Consider trapezoid $ABCD$ with base $AD$ and $BC$. $AB = 9$ and $CD = 5$. Bisector of $A$ intersect bisectors of $B$ and $D$ at points $L$ and $M$. Bisector of $C$ intersect bisectors of $D$ at point $N$ and bisector of $B$ at point $K$, and $K \in AD$ . Find in which proportions $KM$ divide $BC$. And find $\frac{MN}{LK}$ if $\frac{LM}{KN} = \frac{3}{7}$.
Actually it's easy to see that $AB = AK$ and $CD = DK$. So $LN$ lies at middle line. But I stay here for an last hour. Any ideas?
For the first part: triangle $MLN$ is similar to $MAD$, thus line $KM$ divides $LN$ in the ratio $AK:KD$, that is $9:5$. But $KLN$ is similar to $KBC$, so line $KM$ also divides $BC$ in the same ratio $9:5$.

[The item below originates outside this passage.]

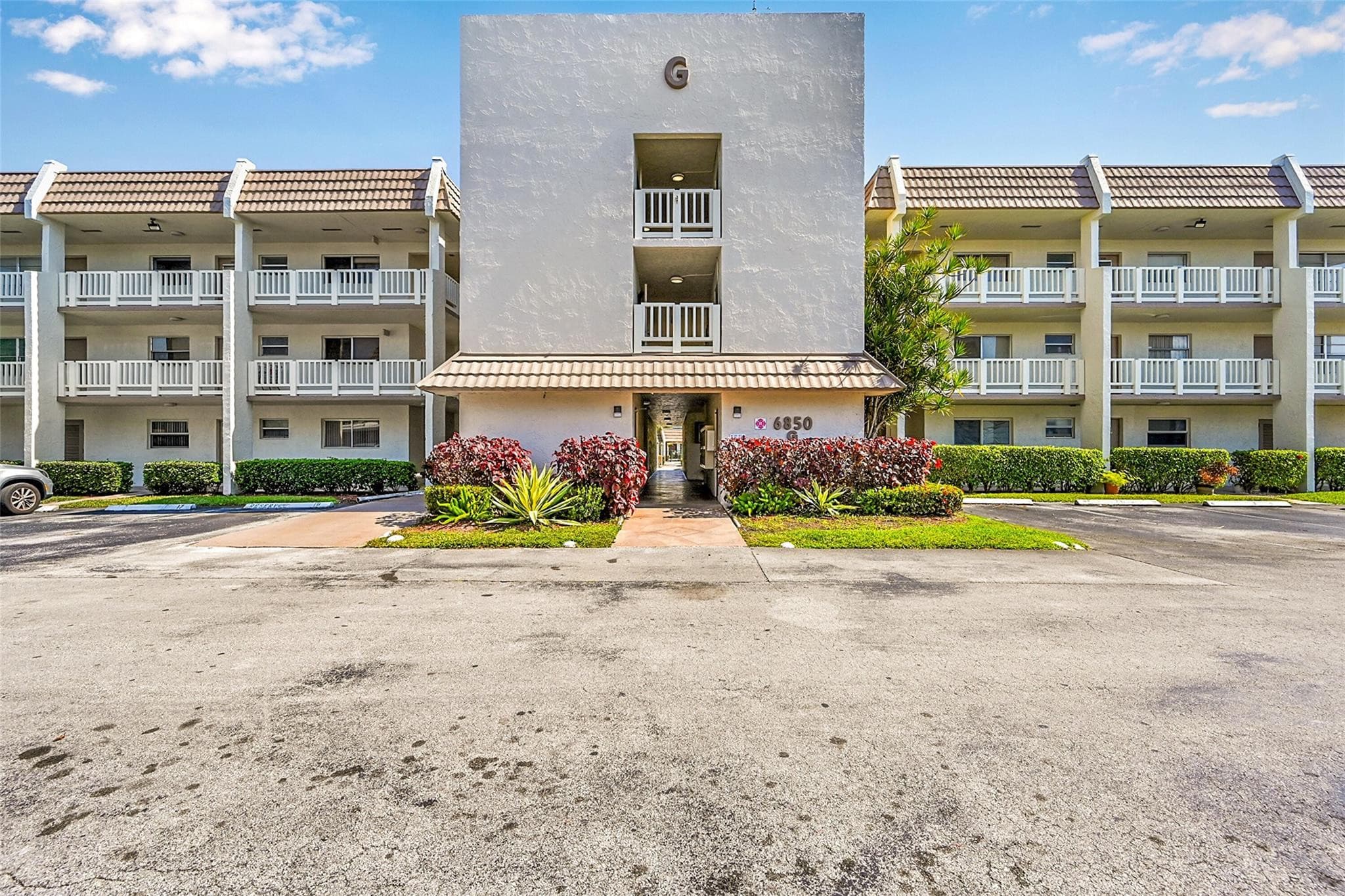 6850 Royal Palm Boulevard G202, Margate, FL 33063 — photo 1 of 31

For the second part: the areas of right triangles $KLM$ and $KNM$ are in the ratio $9:5$, because their altitudes, with respect to the common base $KM$, are in that ratio. Hence: $$ {LM\cdot LK\over MN\cdot KN}={9\over5}, \quad\hbox{that is:}\quad {MN\over LK}={5\over9}{LM\over KN}={5\over9}\cdot{3\over7}. $$